Well, no it’s not, it’s his girlfriends’. But he’s the phone’s exclusive user;
she’s just the account holder. Hmm… Let’s
do some case law research.
The court in R. v. MacInnis, [2007] O.J. No.
2930 found that if the cell phone is used by a person other than
the subscriber, with the consent of the subscriber, then the user has a
reasonable, subjective expectation that the information will be kept
confidential. Referring to PIPEDA, the court found that the statutory duty to
keep the information confidential creates an objective expectation of privacy
for such users. The obligations that now exist between the Applicants and their
cellular phone service providers create a contractually based privacy
expectation. The existence of that reasonable privacy expectation is
legislatively supported by Parliament's enactment of PIPEDA, which prevents the
disclosure by the service provider of personal information relating to
subscribers in the absence of lawful authority. The very enactment of PIPEDA
confirms Parliament's belief that information such as these records may be
personal and capable of being disclosed only in the presence of lawful
authority.
So does the evidence show that my client has a privacy
interest in the cell phone records? The court in R v. Edwards,
[1996] 1 S.C.R. 128 (S.C.C.), dealt with the issue of whether the accused has a
privacy interest sufficient to give him standing to object to evidence being
admitted. The court held that this must be determined on the basis of the
totality of the circumstances of the particular case. The factors to be
considered in assessing the totality of the circumstances may include,
but are not restricted to, the following:
- Historical use of the property or item;
- The ability to regulate access, including the right to admit or exclude others from the place or thing;
- The existence of a subjective expectation of privacy; and
- The objective reasonableness of the expectation.

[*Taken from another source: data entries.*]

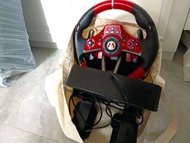 Switch Mario Kart Racing Wheel Pro deluxe 軚盤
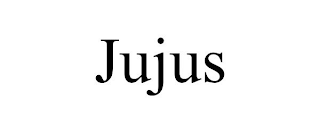 JUJUS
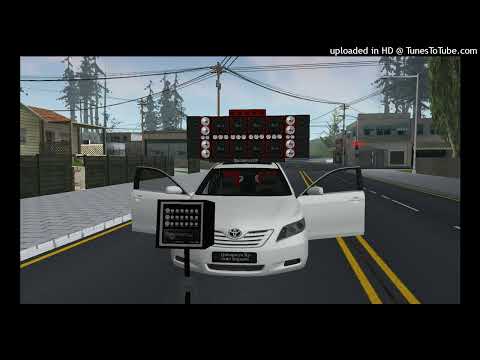 Rochy RD, Tivi Gunz , Harryson, Onguito Wa, El Perrote Wz - Lokisla - BASS BOOSTED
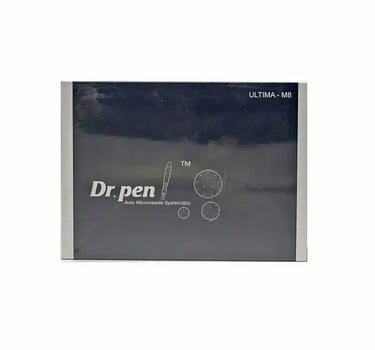 Dr. Pen Auto Microneedle System Ultima M8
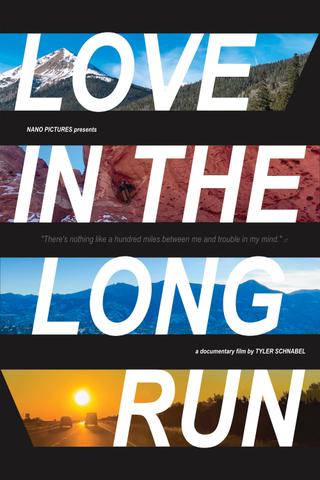 Love in the Long Run poster
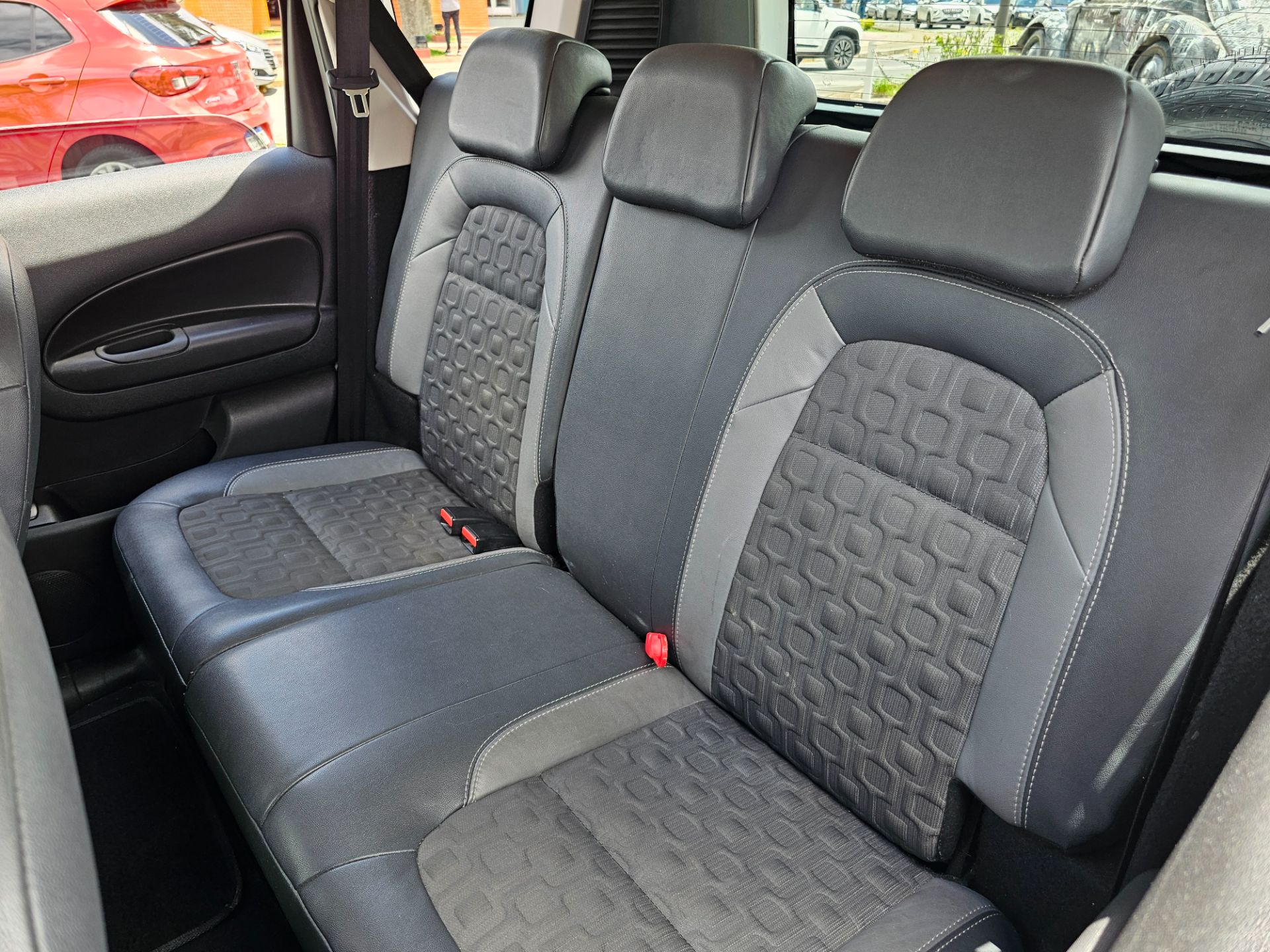CITROEN AIRCROSS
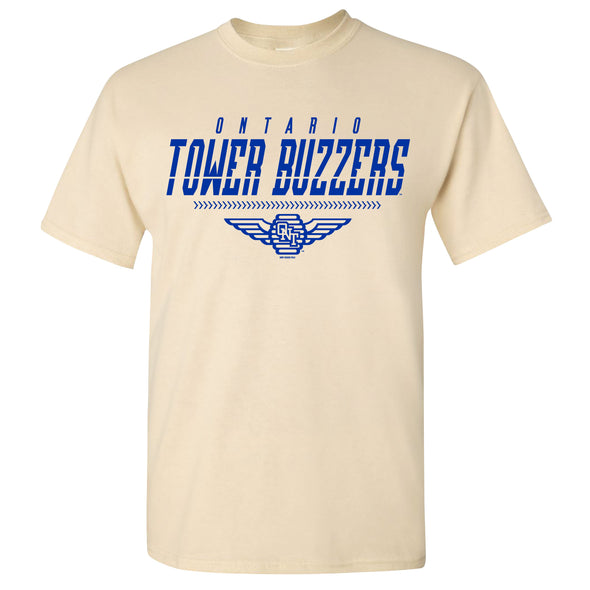 Adult OTB Wings Tee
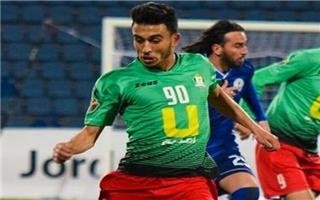 الدوري الاردني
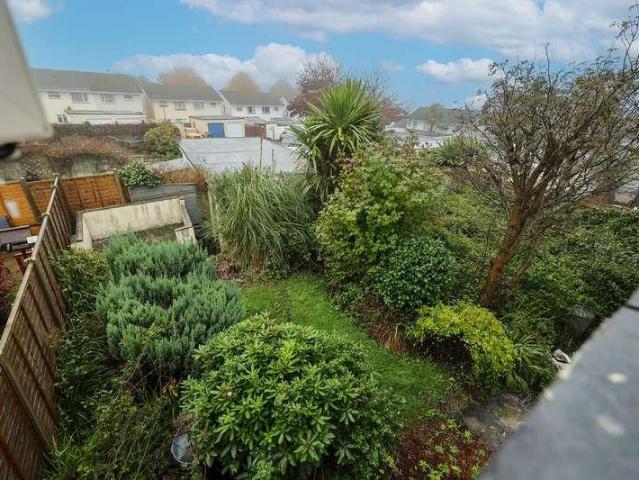 House for sale in St Stephen, Cornwall
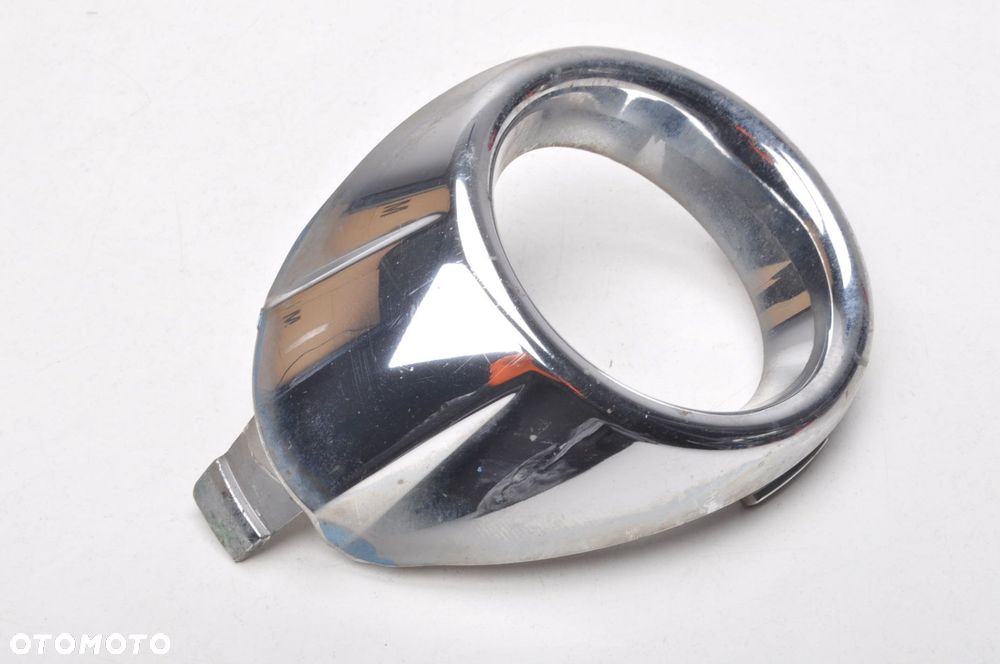 FORD FIESTA MK7 RAMKA KRATKA HALOGENU PRAWA 8A61-15A222-C - 1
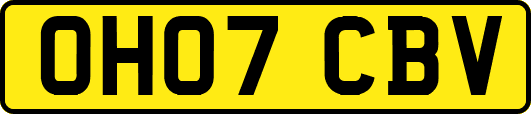 OH07CBV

Extrapolated to a case such as this, that test requires that
questions be asked such as whether the Applicants had a subjective privacy
expectation in the data, whether that expectation was reasonable, and whether
it was a significant or only a lower privacy expectation. The determination of
those questions must be informed by inquiries that might include whether the
information was subject to a confidentiality obligation, whether the police
technique used was intrusive in relation to the privacy interest, whether the
particular investigative technology used was itself objectively unreasonable,
and whether the data produced by the use of the technology exposed any intimate
details of the lifestyles of the Applicants or information of a biographical
nature. To that I would add that the extent of the privacy interest must be
informed by the level of statutory protection given to it.